Any type of bug, insect, worm, ect. Those creepy crawlies just freak me out. I know it's not that strange, but literally any kind. The most innocent bugs like ladybugs and butterflies are just as bad... My older sister tried to help me get over it when I was younger, but it just made things worse. Thanks sis...

Also heights and needles kind of freak me out.


----------



## yet another intj (Feb 10, 2013)

Soldering an electrolytic capacitor in reverse polarity.


----------



## WickerDeer (Aug 1, 2012)

Aliens from outer space. I am terrified of being paralyzed by a being of higher intelligence with crazy technological capabilities and telepathic powers. When I was a kid, I became convinced that I had been abducted by aliens in my grandmother's bathroom. Seriously, I am still deathly afraid of them. 

I used to be afraid of people with a limp too--because i was convinced that it was some kind of horrendous omen if I were to see a man limping towards me (from some kind of vision).

When I was a kid I was afraid of spiders. One day I tried to kill a spider by hitting it on a pole. But the spider flew off the pole (onto me) as a result of the force of my blow and I ran around trying to get it off me. Then I realized that spiders don't always mean harm, as that one didn't bite me, and it wasn't fair for me to be treating them as enemies. So I stopped being afraid of them.
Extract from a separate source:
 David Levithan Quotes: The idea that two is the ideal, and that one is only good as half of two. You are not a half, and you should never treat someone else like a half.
Edit: after reading the title again, I guess my phobias aren't really that strange. OOPS!


----------



## Sun Lips (Jan 28, 2013)

Vomiting. I will go to any and all lengths to avoid it. I don't mind SO much when other people are sick, as long as I can't catch it, or can keep my distance. Hearing/seeing it makes me very anxious, but my greatest fear is getting sick myself. It is really an obsession, not just a fear.

Whenever I tell people about it, the reaction tends to be, "But NO ONE likes to vomit." I understand this, but this is the analogy I use to explain it: A person with a fear of birds will see a bird on the sidewalk, become nervous, and perhaps cross to the other side of the road. A person with a phobia of birds will not leave the house, for fear that there might be a bird on the sidewalk.
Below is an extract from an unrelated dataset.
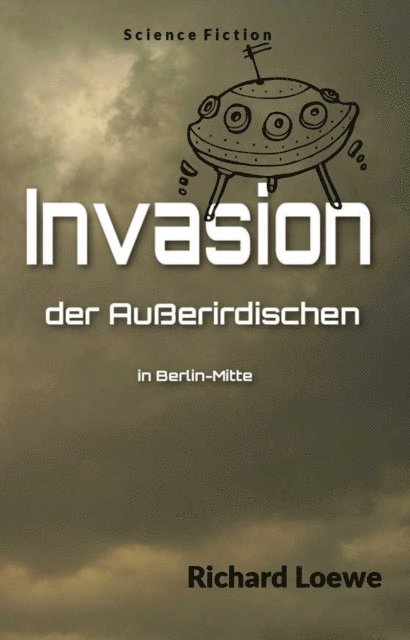 Richard Loewe - Invasion der Außerirdischen in Berlin-Mitte, E-bok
I am twenty-two years old and have not vomited since I was five or six, aside from one isolated incident (which happened too quickly for me to process, but bothered me for weeks afterward). If I feel nauseous, I will have a full-blown panic attack, which hilariously makes me feel more nauseous, leading to more panic, etc. Every day I wonder if "today will be the day." Every food I eat, I wonder if it will be the food to make me sick. In a way, it rules my life, although I have learned to live around it, so to speak.

I feel like it's very strange and I don't talk about it much these days, unless someone asks.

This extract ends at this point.